Sylvi juga mengklaim bahwa hasil kegiatan dan anggaran yang dikeluarkan sudah diaudit auditor independen. Dia tidak mengatakan nama badan auditor tersebut namun menegaskan bahwa sudah terdaftar.

"Dari hasil kegiatan kita pada 2014 disini jelas bahwa sudah ada audior independen jadi saya sudah punya auditor independen akuntan publik terdaftar. Yang kegiatan ini semua adalah wajar.
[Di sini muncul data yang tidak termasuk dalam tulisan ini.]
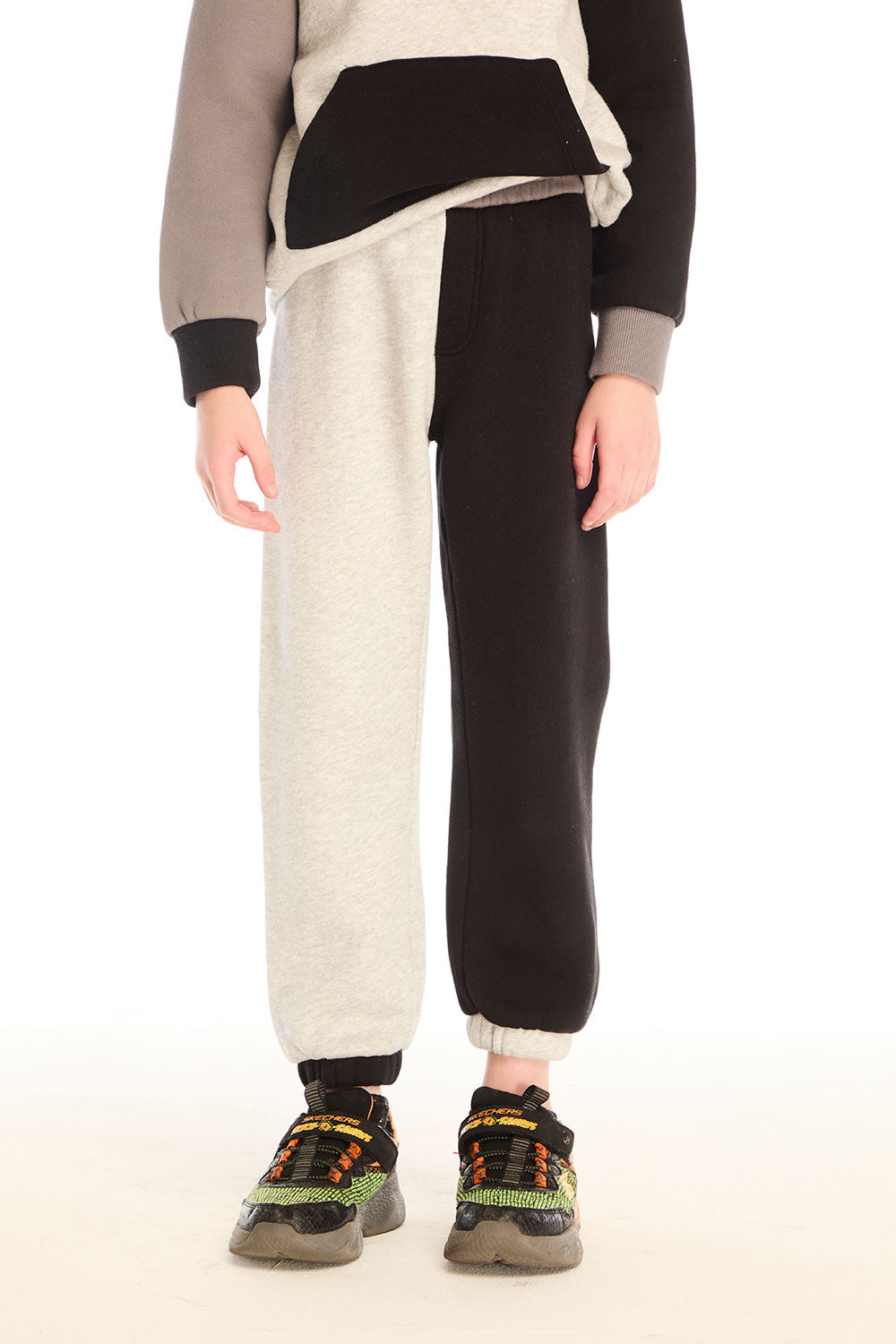 Front view of boy wearing Chaser’s Colorblocked Lounge Pant with color-blocked panels on a white background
Laporan audit atas keuangan gerakan Pramuka kwartil daerah 2014 telah kami audit, dengan no laporan sekian," ujar calon wakil gubernur DKI Jakarta 2017 itu.

Tempuh Langkah Hukum
Sementara itu, politikus Partai Demokrat, Didik Mukrianto, mengancam Polri bila terjadi kriminalisasi Sylviana Murni, yang notabene calon Wakil Gubernur Jakarta, bersama Agus Harimurti.
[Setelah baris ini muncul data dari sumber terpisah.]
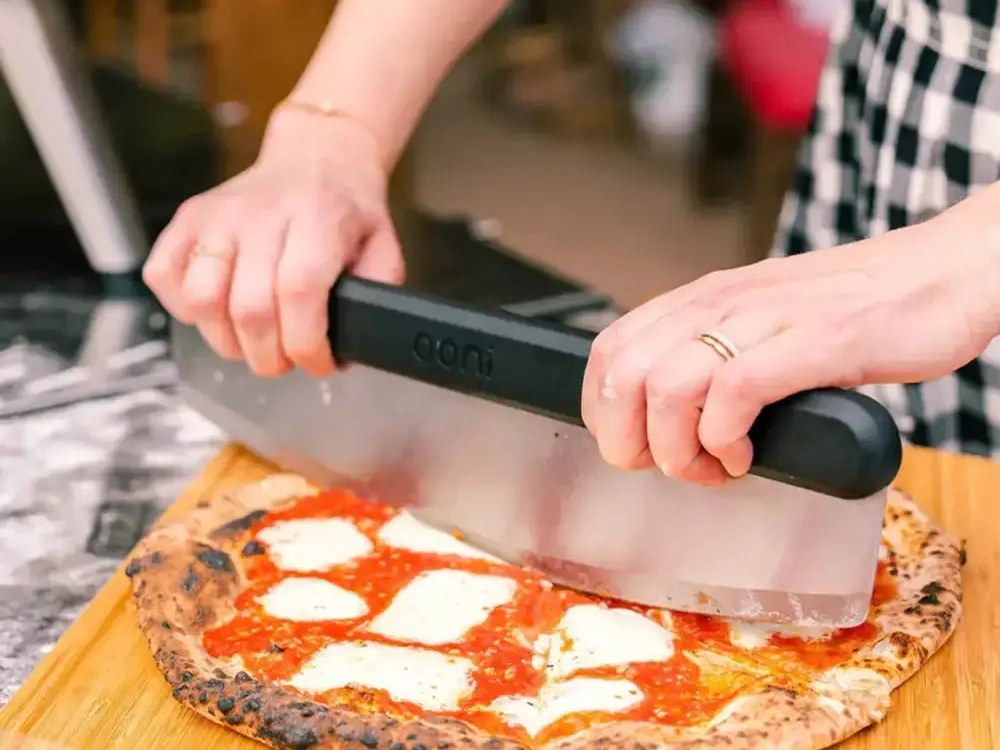 Hands cutting a wood-fired pizza with an Ooni rocker blade on a bamboo peel and serving board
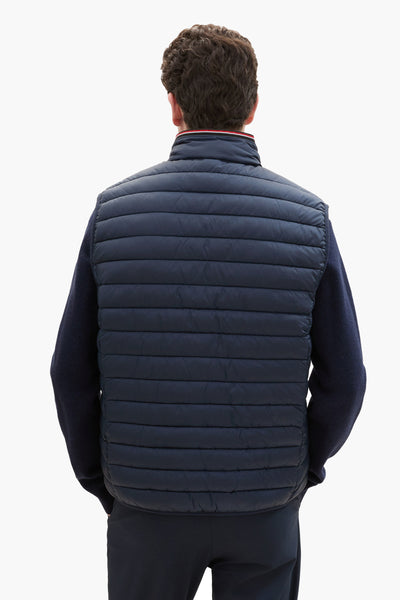 Veste sans manches bleue de Tom Tailor, vue de dos, portée sur un pull bleu marine.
Menurutnya, bila hal itu terjadi, maka Partai Demokrat tentu akan menempuh langkah hukum.
"Kita akan terus kawal pemeriksaan yang dilakukan Bareskrim. Kami berharap agar pemeriksaan berjalan adil dan transparan. Apabila di dalam prosesnya nanti kami nilai ada indikasi kriminalisasi, tentu kami akan menyikapinya dengan mengambil langkah-langkah termasuk langkah hukum yang diperlukan untuk menegakkan keadilan," ujarnya.

Ia juga meminta Polri untuk bersikap netral dalam kehidupan politik dan tidak melibatkan diri pada kegiatan politik praktis sesuai Pasal 28 UU 2/2002 tentang Kepolisian Negara Indonesia.

“Polisi sebagai pengayom dan penjamin rasa aman masyarakat harus menjaga agar pilkada bisa berjalan fair, bermartabat, luber dan Jurdil. Haram hukumnya kepolisian melakukan keberpihakan baik secara langsung maupun tidak langsung. Kepolisian tidak boleh melakukan pembiaran institusinya melibatkan diri, diintervensi dan dijadikan alat kekuasaan untuk memberangus lawan politik,” tambahnya. (rol/sis)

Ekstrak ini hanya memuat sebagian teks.